Black hole taking over decade to devour star
by Marcia Dunn
Scientists have detected a black hole that's
taken a record-breaking decade to devour a star — and it's still chewing
away.
The food fest is happening in a small galaxy 1.8 billion light-years from Earth.
University
of New Hampshire research scientist Dacheng (dah-CHENG) Lin said that
black hole feeding frenzies have been observed since the 1990s, but
they've lasted just a year. At 11 years and counting, this is the
longest known one yet.
Lin
and his team used data from orbiting X-ray telescopes to study the
monstrous munching. X-ray flares erupt when a star gets swallowed by a
black hole and cooked millions of degrees.
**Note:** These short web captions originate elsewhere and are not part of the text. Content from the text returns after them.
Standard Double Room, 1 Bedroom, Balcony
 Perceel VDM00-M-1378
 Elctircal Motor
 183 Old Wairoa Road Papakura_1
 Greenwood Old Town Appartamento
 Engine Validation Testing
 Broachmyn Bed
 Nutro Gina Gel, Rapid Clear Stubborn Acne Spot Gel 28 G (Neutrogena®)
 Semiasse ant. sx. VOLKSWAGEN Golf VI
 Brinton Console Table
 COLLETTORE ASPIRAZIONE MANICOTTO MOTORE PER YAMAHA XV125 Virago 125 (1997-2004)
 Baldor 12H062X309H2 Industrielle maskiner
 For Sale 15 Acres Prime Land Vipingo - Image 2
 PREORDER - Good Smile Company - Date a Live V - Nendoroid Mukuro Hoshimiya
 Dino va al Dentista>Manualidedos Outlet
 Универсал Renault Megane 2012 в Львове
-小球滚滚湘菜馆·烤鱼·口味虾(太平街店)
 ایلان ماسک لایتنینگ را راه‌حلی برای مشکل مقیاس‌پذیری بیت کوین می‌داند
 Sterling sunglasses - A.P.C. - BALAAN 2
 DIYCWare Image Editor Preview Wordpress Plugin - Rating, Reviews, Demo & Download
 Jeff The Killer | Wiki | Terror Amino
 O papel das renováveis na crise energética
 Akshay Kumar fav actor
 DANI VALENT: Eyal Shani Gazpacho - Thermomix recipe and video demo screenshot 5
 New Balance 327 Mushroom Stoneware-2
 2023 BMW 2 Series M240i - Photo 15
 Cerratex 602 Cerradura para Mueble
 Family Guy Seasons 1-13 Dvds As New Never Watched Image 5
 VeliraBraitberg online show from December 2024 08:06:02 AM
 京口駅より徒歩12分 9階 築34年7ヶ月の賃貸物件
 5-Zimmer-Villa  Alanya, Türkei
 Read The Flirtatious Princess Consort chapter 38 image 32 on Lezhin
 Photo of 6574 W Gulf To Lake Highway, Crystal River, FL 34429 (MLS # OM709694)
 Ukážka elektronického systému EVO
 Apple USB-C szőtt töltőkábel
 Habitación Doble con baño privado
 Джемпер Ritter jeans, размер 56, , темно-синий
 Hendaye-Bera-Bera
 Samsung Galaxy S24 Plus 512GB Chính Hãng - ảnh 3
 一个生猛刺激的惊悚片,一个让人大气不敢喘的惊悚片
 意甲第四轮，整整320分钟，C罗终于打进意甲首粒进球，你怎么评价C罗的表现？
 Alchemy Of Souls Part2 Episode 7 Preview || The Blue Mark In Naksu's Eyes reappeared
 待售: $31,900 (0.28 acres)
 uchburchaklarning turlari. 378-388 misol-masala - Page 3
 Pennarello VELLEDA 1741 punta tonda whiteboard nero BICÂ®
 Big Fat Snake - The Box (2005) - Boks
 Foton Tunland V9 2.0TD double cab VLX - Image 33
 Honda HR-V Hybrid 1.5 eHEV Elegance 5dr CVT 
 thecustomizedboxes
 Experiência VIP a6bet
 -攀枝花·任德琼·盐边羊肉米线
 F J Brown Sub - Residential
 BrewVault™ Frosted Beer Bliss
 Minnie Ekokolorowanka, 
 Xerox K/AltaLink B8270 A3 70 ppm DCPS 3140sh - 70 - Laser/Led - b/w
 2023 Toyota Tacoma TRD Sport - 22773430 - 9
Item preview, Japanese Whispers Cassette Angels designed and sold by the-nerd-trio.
Black holes clearly like
their stars well done.
"We have witnessed a star's spectacular and prolonged demise," Lin said in a statement.
The X-rays coming from this black hole surpass expectations in another way.
"For
most of the time we've been looking at this object, it has been growing
rapidly," said the Harvard-Smithsonian Center for Astrophysics' James
Guillochon, a co-author. "This tells us something unusual — like a star
twice as heavy as our Sun — is being fed into the black hole."
The
binge eating by this particular black hole began around July 2005.
Based on computer models, the feasting should taper off over the next
decade.
The discovery was reported Monday in the journal Nature Astronomy.